Ecodramas can address emotions like eco-anxiety, solastalgia (grieving a climate-altered place to which you feel deeply connected), and what climate researcher Dr. Britt Wray has termed “generation dread”—the fact that 45% of young people report that climate worry affects their daily functioning. These stories validate emotional experiences often ignored in climate discourse and show characters working through grief toward agency.

Tropes to avoid:

  • Depicting characters as unhinged, which can shame audience members who are experiencing similar feelings
  • Dwelling in paralysis without showing pathways to action

Science Fiction, Solarpunk, and Fantasy

Examples: Avatar: The Way of Water, Black Panther, the Dune series, Nausicaä of the Valley of the Wind, Strange World, Wakanda Forever, The Wild Robot

These genres excel at world-building that shows sustainable futures are possible. They ask “What if?” and remind audiences that our current reality is open to change. Solarpunk specifically rejects dystopian doom to depict cities integrated with nature and regenerative economies. Science fiction draws on scientific and/or speculative technologies, whereas fantasy pulls from myth, magic, and fable.

Be careful of:

  • Using technology as a “silver bullet” that absolves humans of behavioral change or systemic transformation
  • Depicting a sustainable future as achievable only through catastrophe or collapse rather than through deliberate choices we can make now
  • Reinforcing colonial narratives in which solutions come from outside rather than from within the communities

Indigenous Wisdom and Traditional Ecological Knowledge

Examples: Dark Winds, Green Frontier, Reservation Dogs, Spirit Rangers

Perhaps most crucially, we need stories that platform Indigenous and traditional ecological knowledge. While Indigenous Peoples account for just over six percent of the global population, they are custodians of more than a third of the world’s most important areas for biodiversity.

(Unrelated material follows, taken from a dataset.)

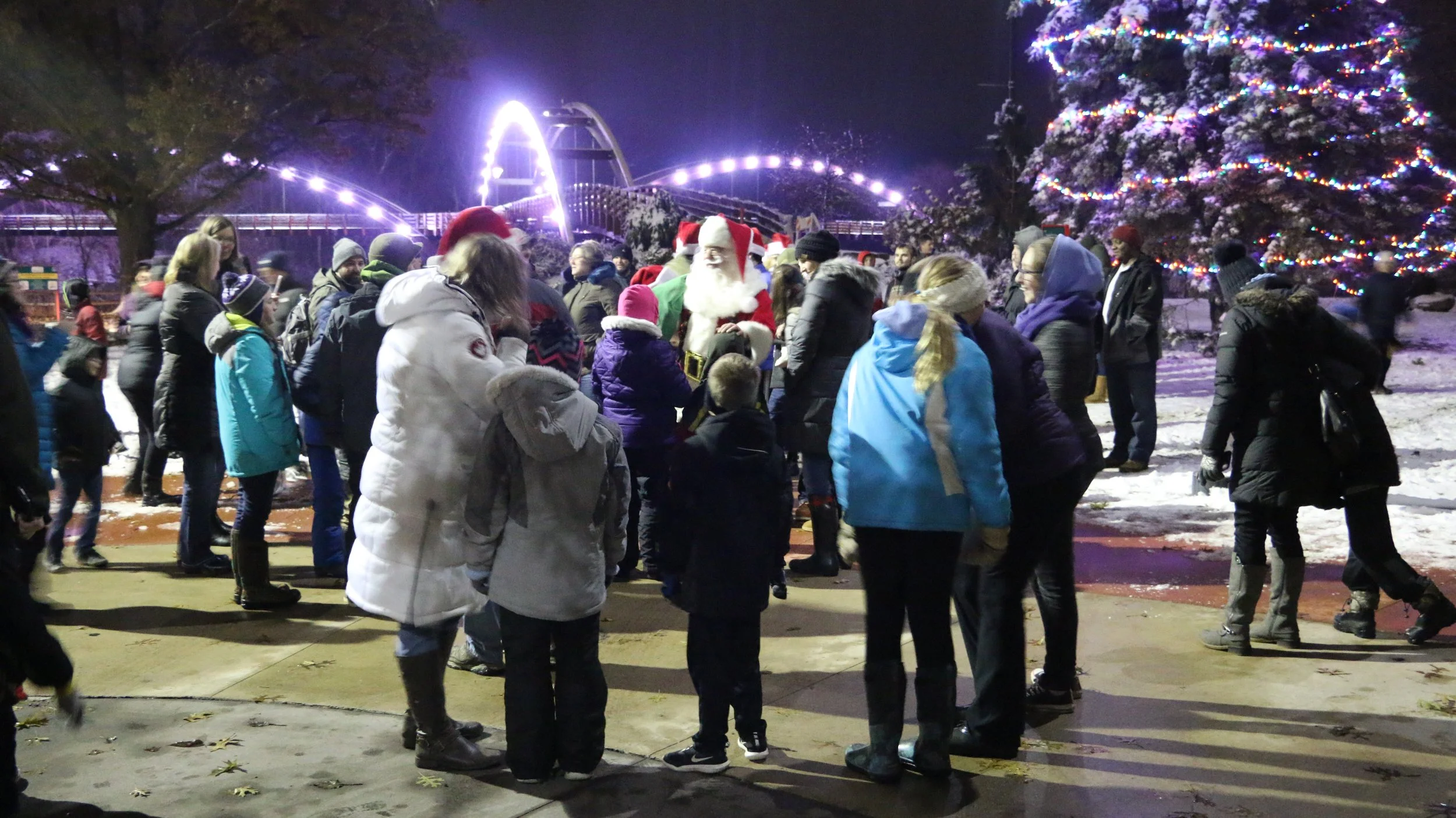 Santa_s Santa House Arrival.JPG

Seek out opportunities to collaborate with creators connected to these communities. Shows like Reservation Dogs demonstrate how environmental wisdom can be embedded within mainstream storytelling, reminding audiences that humans are part of nature, not separate from it.

Be mindful of narratives that:

  • Romanticize Indigenous peoples as inherently spiritual or mystical rather than showing them as complex, contemporary people with valuable knowledge systems
  • Extract traditional ecological knowledge without Indigenous creative leadership, representation in writers’ rooms, or proper consultation
  • Treat traditional ecological knowledge from distinct Indigenous cultures as interchangeable or as one undifferentiated whole
  • Use Indigenous characters or settings as exotic backdrops while centering non-Indigenous protagonists and their journeys

Everyday Activism and Environmental Justice

Examples: The Boy Who Harnessed the Wind, Dark Waters, Erin Brockovich, Radium Girls, Princess Mononoke

Finally, climate activism can take many forms. Yes, How to Blow Up a Pipeline generated buzz, but activism also looks like Julia Roberts in Erin Brockovich, fighting for communities poisoned by corporate negligence, or like Joey King in Radium Girls, galvanizing her coworkers to sue the corporation that knew radium was poisoning the factory workers.

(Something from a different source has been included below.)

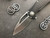 Marfione Custom Matrix R Asteria Blue Titanium/CF M390 Two Tone Stonewash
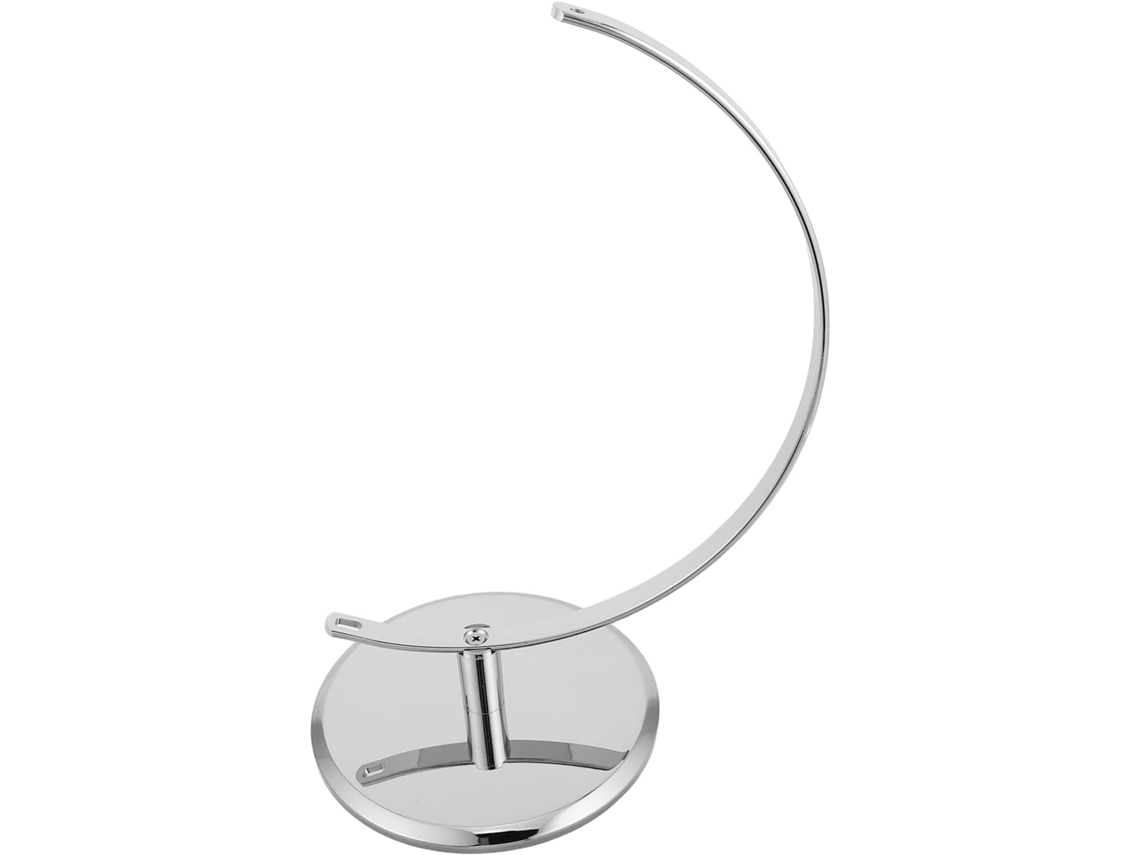 Soporte Para Globo Terrestre 30 Cm Argenté Socle Sphérique De Reemplazo Estable Y Compatible D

Guard against stories that:

  • Show communities as helpless victims waiting to be saved rather than as active agents with their own strategies and solutions
  • Ignore the intersectionality of environmental justice with race, class, and economic inequality

Great climate stories expand the models of what activism looks like, depicting ordinary people taking on corporate negligence and winning—reminding audiences that everyone is capable of climate action and that everyone deserves to see themselves as a potential protagonist.

The question isn’t whether to tell climate stories. It’s how we tell them, who tells them, and whether we’re brave enough to imagine futures worth fighting for.